Shenandoah Valley Overlook, Milepost 2.8, elevation 1390′
Dickey Ridge Visitor Center and Overlook, Milepost 4.5, elevation 1940′
The Visitor Center here has exhibits, an orientation movie, bookstore, etc. Unfortunately it is closed on Tuesdays (the day we were there) and Wednesdays. Wish it had been open. Most of us take a road like this one for granted with no understanding of what it took to design or build it. Perhaps the movie or the exhibits would have provided us with that information. While doing research for this post, however, I found this document written by Walter Mallonee, one of the members of the original surveying crew who was employed by the U.S. Department of Agriculture’s Bureau of Public Roads. Really makes one appreciate the hardships that these men had to endure to build this beautiful road back in the 1930’s!

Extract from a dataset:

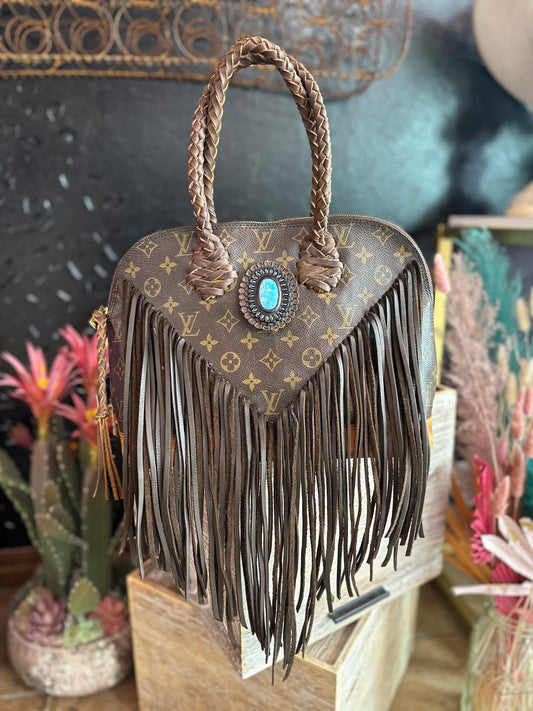 The Apache Tote!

Signal Knob Overlook, Milepost 5.5, elevation 2085′
This sign talks about how much the landscape has changed in the past 50 years – today there are a lot more houses dotting the landscape. Park resources can make decisions on how to protect the park but it is up to the surrounding communities to help protect the views. It is a delicate balance between development and preservation.
Gooney Run Overlook, Milepost 6.8, elevation 2085′
Hogwallow Flats Overlook, Milepost 13.6, elevation 2665′
Range View Overlook, Milepost 17.0, elevation 2810′
Little Devil’s Stairs Overlook, Milepost 20.0, elevation 3120′
Hogback Overlook, Milepost 20.7, elevation 3385′
Pass Mountain Overlook, Milepost 30.0, elevation 2460′
Just a little past milepost 30 (just before Marys Rock Tunnel), sadly we left the Skyline Drive, turning onto US-211 west, heading to the town of Luray.
By the way, Luray is home to the famous Luray Caverns which we visited in 2000 on our way to the Smoky Mountains. The $28 ($15 for children 6-12, free under 6) admission includes not only a tour of the caverns but also the Car & Carriage Caravan Museum, Toy Town Junction and the Luray Valley Museum. There’s also a Rope Adventure Park for an additional $11. If you haven’t been, it’s definitely worth a visit!
On that same trip, we also visited Skyline Caverns located in Front Royal. Admission here: adults (ages 14+) $22.00, child (ages 7-13) $11.00 and children 6 and under – free. Not sure how these caverns are today but back 2000 we found the formations inside Luray Caverns to be more impressive and the Car Museum was pretty interesting. Luray was and perhaps still is a lot more commercialized than Skyline.
In the town of Luray, we turned onto US Hwy 340 to head north back to Shenandoah River State Park.
And still more gorgeous scenery of where we had just been up in those mountains viewed from US-340 heading back to the campground.